Au cours des cinq dernières années, 865 millions de dollars (soit en moyenne 173 millions de dollars par an) ont été alloués aux étudiants français inscrits dans les universités et cégeps du Québec sous forme de subventions. Ces fonds permettent aux étudiants de premier cycle de payer des frais de scolarité environ deux fois moins élevés que ceux imposés aux autres étudiants internationaux, et même inférieurs à ceux des Canadiens non-résidents du Québec, en raison des récentes augmentations tarifaires les visant. Pour les cycles supérieurs, l’écart est encore plus marqué : lorsqu’ils sont inscrits en maîtrise ou au doctorat, les étudiants français et belges paient les mêmes frais que les résidents québécois, un privilège qui n’est pas même accordé aux Canadiens nonrésidents du Québec.

Cet effort financier a indéniablement fait croître la présence d’étudiants français et belges — et par extension, celle de la francophonie — dans les institutions universitaires québécoises, les intégrant comme des partenaires clés du projet linguistique de la province. Cependant, il soulève des questions sur l’inclusion, l’équité ou encore le sentiment d’appartenance qu’il induit. Qui peut vraiment se sentir chez soi au Québec? Et que révèle cette générosité sélective sur la vision québécoise de la francophonie?

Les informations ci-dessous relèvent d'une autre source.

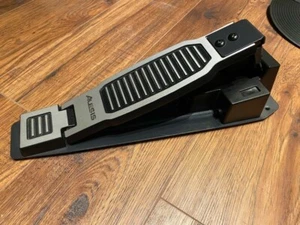 ALESIS DM10 HI-HUT-CONTROLLER. SCHWERLASTPEDAL. METALLBASIS. - Bild 1 von 7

Vers une francophonie à tout prix

Au Québec, les frais de scolarité dépassent la question financière : ils dessinent une frontière nette entre ceux auxquels on permet de s’intégrer et ceux qui sont forcés à rester en marge. Les résidents du Québec, qui bénéficient des tarifs les plus bas, incarnent le cœur battant de la province. Les Canadiens non résidents deviennent quant à eux déjà des « presque-étrangers » en étant sommés de payer des frais deux fois plus élevés que les résidents de la province. L’addition reste considérablement inférieure à celle imposée aux étudiants internationaux, qui se voient ainsi relégués au statut d’appartenance le plus limité.

Cette instrumentalisation de la francophonie comme outil de sélection compromet néanmoins la possibilité pour le Québec de porter le projet d’une francophonie universelle, éclipsant la solidarité linguistique qui la caractérise au profit d’un pragmatisme économique.

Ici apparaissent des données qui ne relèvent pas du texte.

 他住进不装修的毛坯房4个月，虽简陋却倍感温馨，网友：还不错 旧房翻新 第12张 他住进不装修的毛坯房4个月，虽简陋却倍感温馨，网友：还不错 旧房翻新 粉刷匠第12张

La préférence tarifaire accordée aux étudiants français et belges, au-delà de constituer une anomalie chez les étudiants internationaux, agit comme un rapprochement symbolique avec les résidents québécois. Elle les invite à se sentir chez eux, à la différence des autres étudiants francophones et des Canadiens originaires d’autres provinces. En favorisant des étrangers plutôt que leurs concitoyens anglophones ou francophones d’ailleurs au Canada, le projet de la francophonie du Québec réaffirme une distinction identitaire qui transcende alors le cadre national et valorise davantage le partage de la langue que celui de la nationalité.

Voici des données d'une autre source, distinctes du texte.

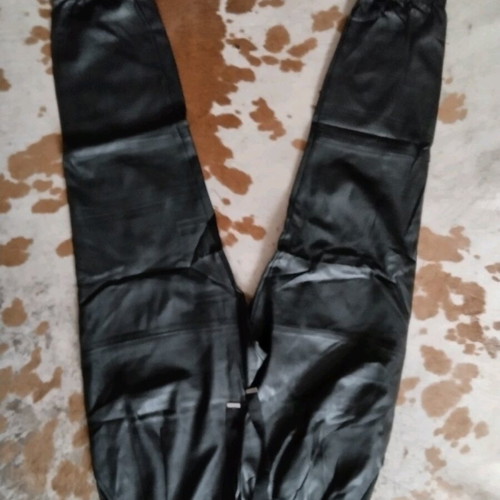 Black leatherette pants size L like new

Ce projet de retrouvailles et d’accueil par l’idiome répond toutefois à une logique sélective qui privilégie certaines nations, plutôt que de faire du Québec un espace universel de connexion pour les francophones des quatre coins du monde. Ainsi, les étudiants français et belges, issus de pays plus riches et dotés d’institutions académiques prestigieuses, bénéficient d’un accueil chaleureux dans les établissements universitaires, qui deviennent le lieu tangible de leurs privilèges et de leur appartenance. Les étudiants francophones d’Afrique et du Moyen-Orient, malgré leur contribution à la vitalité de la langue française, se heurtent quant à eux à des barrières économiques et symboliques qui les marginalisent dans ce projet de francophonie à deux vitesses.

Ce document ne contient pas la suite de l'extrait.